◆ Extracted information:

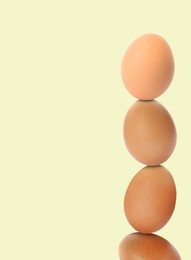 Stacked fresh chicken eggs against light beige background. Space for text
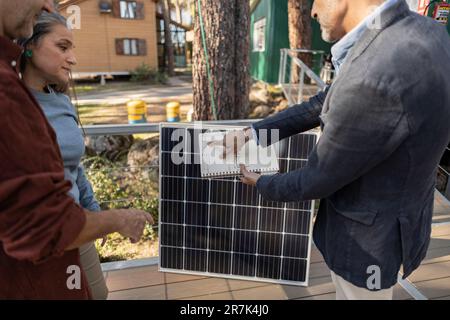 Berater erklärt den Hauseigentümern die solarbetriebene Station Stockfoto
--
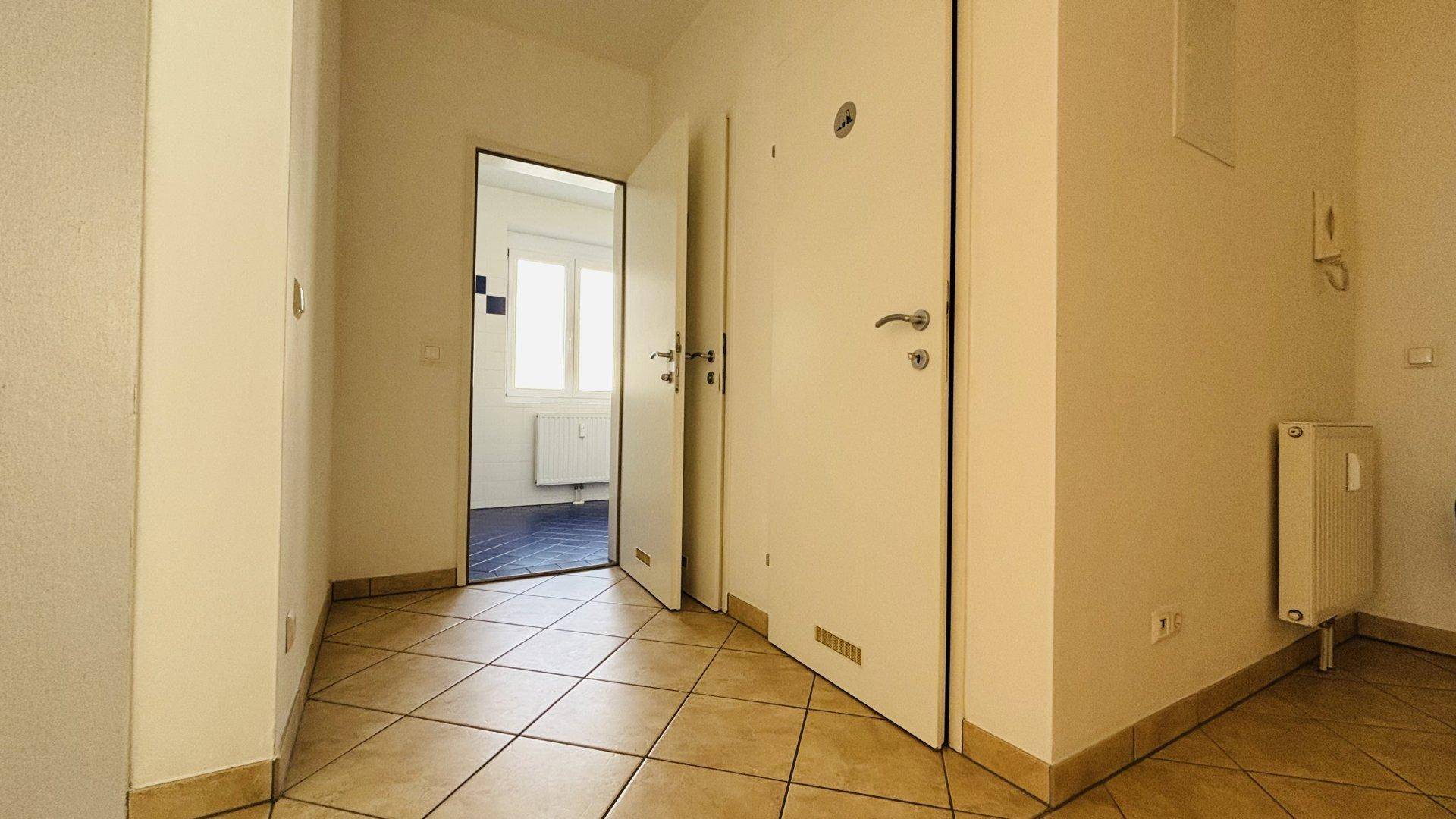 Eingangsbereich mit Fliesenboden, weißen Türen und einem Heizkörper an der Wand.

◆ Your objective: From the records above, give again only the part that opens with the line containing "Stacked fresh chicken" and closes with the line containing "Berater erklärt den". Keep both ends but drop the pictures.

◆ Result:
 Stacked fresh chicken eggs against light beige background. Space for text
 Berater erklärt den Hauseigentümern die solarbetriebene Station Stockfoto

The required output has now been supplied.